Start of RECORDS SHOWN
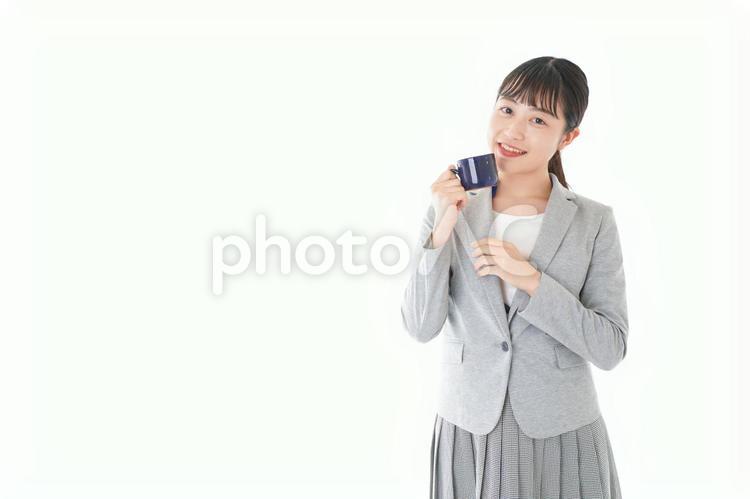 笑顔でコーヒーを飲む若いビジネスウーマン コーヒー,ブラックコーヒー,カップの写真素材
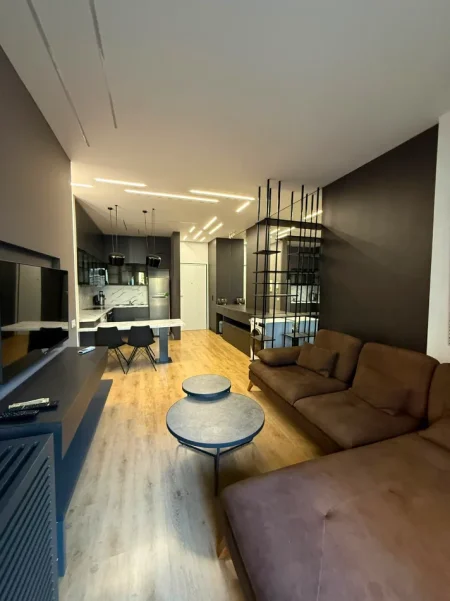 Tirane, shitet apartament 2+1 Kati 1, 105 m² 380.000 € (Rruga e Kosovareve)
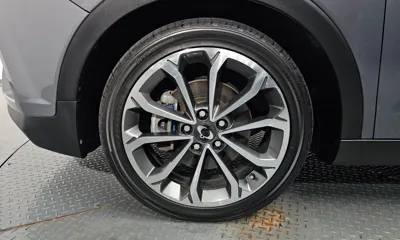 KG_Mobility_Ssangyong TIBOLI 2019, 76153 км, за 6897 USD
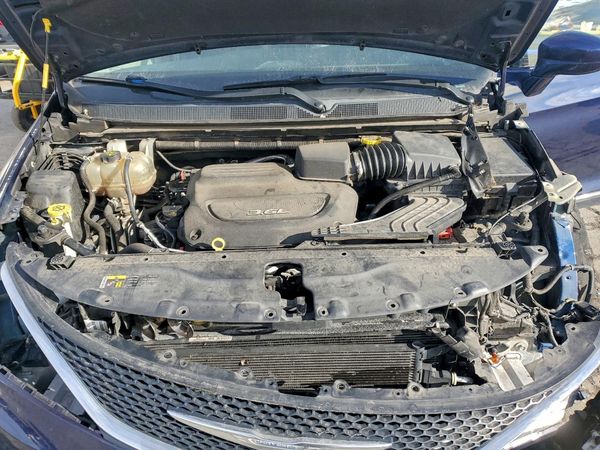 2017 CHRYSLER PACIFICA Touring L Plus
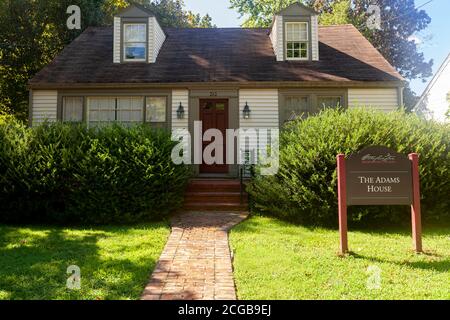 Chestertown, MD, USA 08/30/2020: Blick auf ein historisches Haus im Besitz des Washington College, einer Hochschule für Geisteswissenschaften in Chestertown. Hou Stockfoto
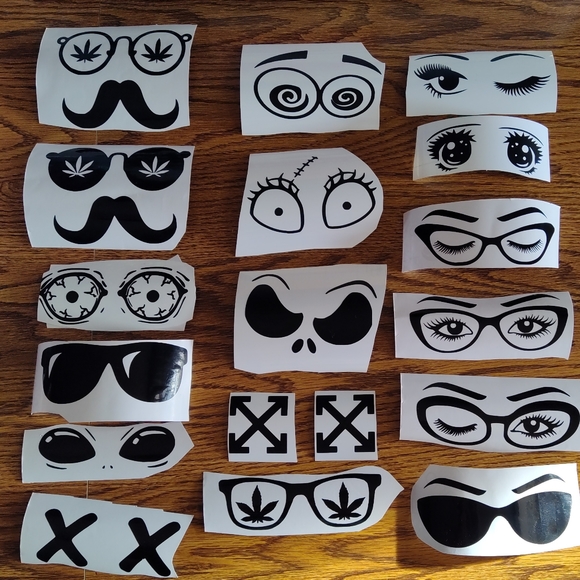 Oculus Quest 2 Dead Eyes Xs Vinyl Decal - Picture 2 of 2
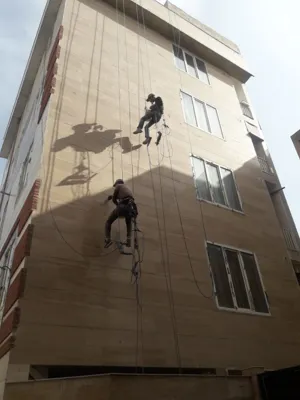 پیچ و رولپلاک سنگ نما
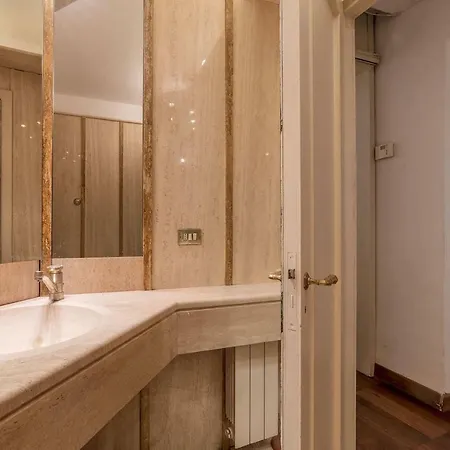 Unique Opportunity To Live In A Renaissance Palace - Ac/wi-fi Apartamento *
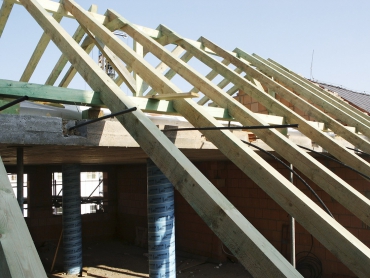 Obr. 10: Předpínání konzolové části stropní desky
End of RECORDS SHOWN
With the pictures omitted, copy exactly the lines of the listing above starting at the line containing "Chestertown, MD, USA" and ending at the line containing "پیچ و رولپلاک سنگ نما", both included.

 Chestertown, MD, USA 08/30/2020: Blick auf ein historisches Haus im Besitz des Washington College, einer Hochschule für Geisteswissenschaften in Chestertown. Hou Stockfoto
 Oculus Quest 2 Dead Eyes Xs Vinyl Decal - Picture 2 of 2
 پیچ و رولپلاک سنگ نما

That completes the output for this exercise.